Some questions have no good answers. Dijanelle Fowler, 25, herself offered none in DeKalb County court Wednesday. But she pleaded guilty to second-degree murder in the death of Skylar Fowler, who was claimed by the heat after, her attorney says, the car's air condition ran the battery dead.
“I will admit I made a poor decision, a decision that I cannot take back, a decision I will never make again,” the mother said in between breakdowns and accusations about how Skylar’s father could’ve helped her more. “I take full responsibility for being negligent.”
In the courtroom gallery, the father’s family shook their heads to make clear he did everything he could, even when he was deployed in the Middle East with the Air Force. Louis Williams II’s family also laid hands on his shoulders when he bowed his head, resting it on the pink journal he had filled with lessons from Proverbs to give to Skylar one day.
Fowler didn’t have a soul in the courtroom on her behalf, other than defense attorney Charles Brant.
“We’ve reached out and tried to get family here,” Brant said. “That’s pretty much the story of Miss Fowler.”
When it came time for Judge Linda Hunter to sentence the defendant, Fowler wrapped her arms around her torso, hugging herself.

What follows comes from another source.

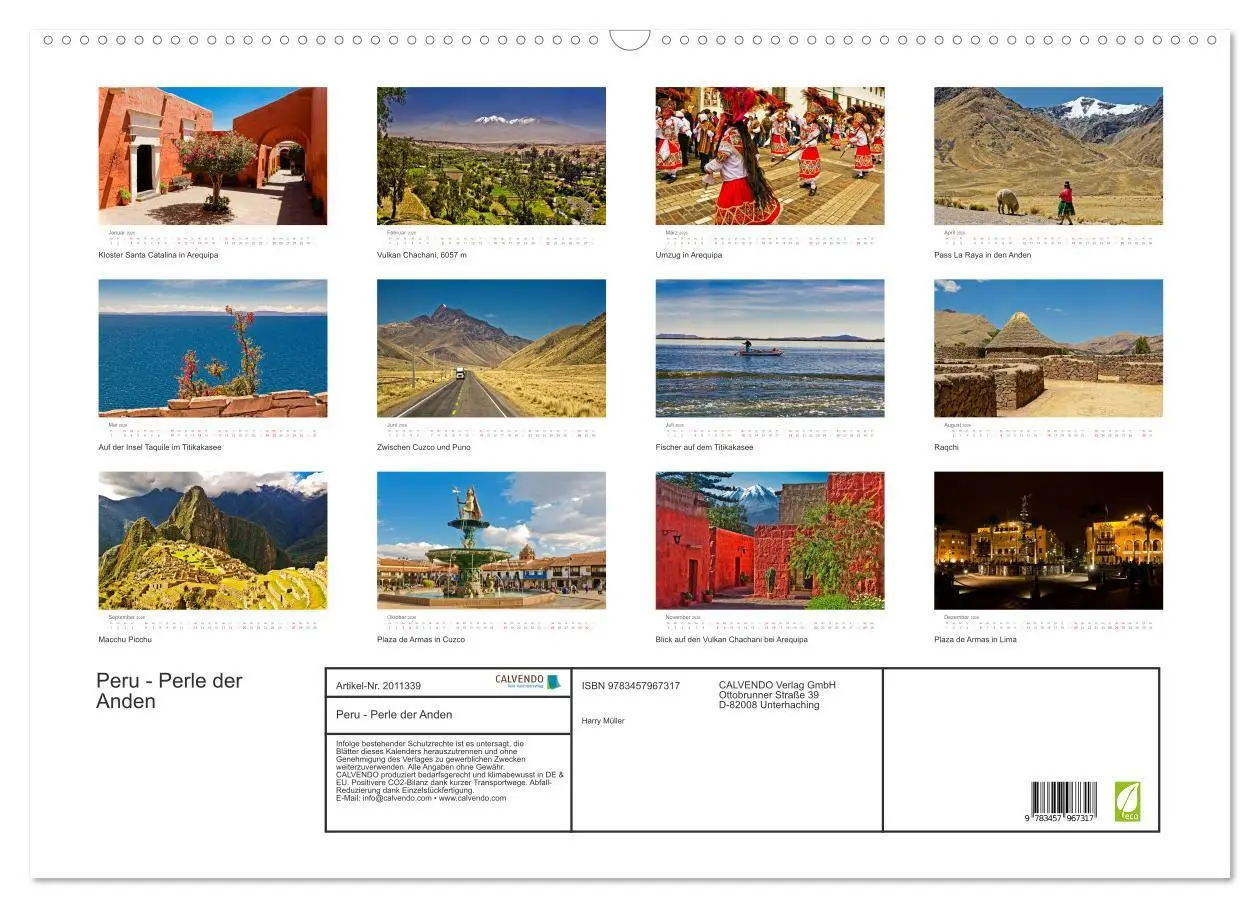 Bild: 9783457967317 | Peru - Perle der Anden (Wandkalender 2026 DIN A2 quer), CALVENDO...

Hunter sentenced her to 20 years, with the first 15 to be in prison. She’ll get credit for time served.
She’d been in jail since last July when police took out warrants for her arrest after security cameras outside the Lavista Road salon showed she hadn’t gone to check on the child during the entire appointment. Fowler was in the process of moving to Atlanta at the time, Williams still deployed.
Hunter’s sentence was harsher than the one Fowler's attorney asked for, but much lower than the 40 years the state and Skylar's father requested.
Hunter said she simply didn’t understand how the prosecution thought that length of time would be justified for a woman with no criminal record and not so much as a single allegation of poor parenting before the day Skylar died.
The judge mentioned other parents who’d left their children in hot cars. Parents who’d left thier kids home alone too long, including a former judge in Fulton County. Parents who'd made grievous errors after strong track records of parenting, like Fowler.
Did such people deserve lifetimes of punishments even if their crimes had caused lifetimes of hurt and even death?
“I’m not here to seek revenge,” Hunter said, looking toward Williams' family. “A judge’s job is not to send a message.”
Hunter seemed impressed with Fowler’s story: a young woman who’d overcome abuse in her childhood, recovered from a broken neck she sustained playing college basketball and went on to captain the team at Charleston Southern University in South Carolina.
It was in the Charleston area where Fowler met Williams, and a tumultuous relationship ensued. They finally decided they couldn’t get along, but Skylar was already on the way.
The judge seemed to smile as Williams beamed talking about the moment when Skylar emerged from the womb and how his life changed. She listened closely as he fought emotion to read the lessons he’d written in that pink journal for Skylar while overseas: “Do for others in all you do.”
But once the sentence came down, Williams sat, stunned to silence. He feared Fowler could get paroled well before 15 years is up if she behaves. District Attorney Sherry Boston came over to comfort him.
In the elevator a few minutes later, headed home, Williams breathed deep and tried to steady his mind.
“That’s crazy,” he said.
Upstairs, Fowler had already been sent back to a cell to start her sentence.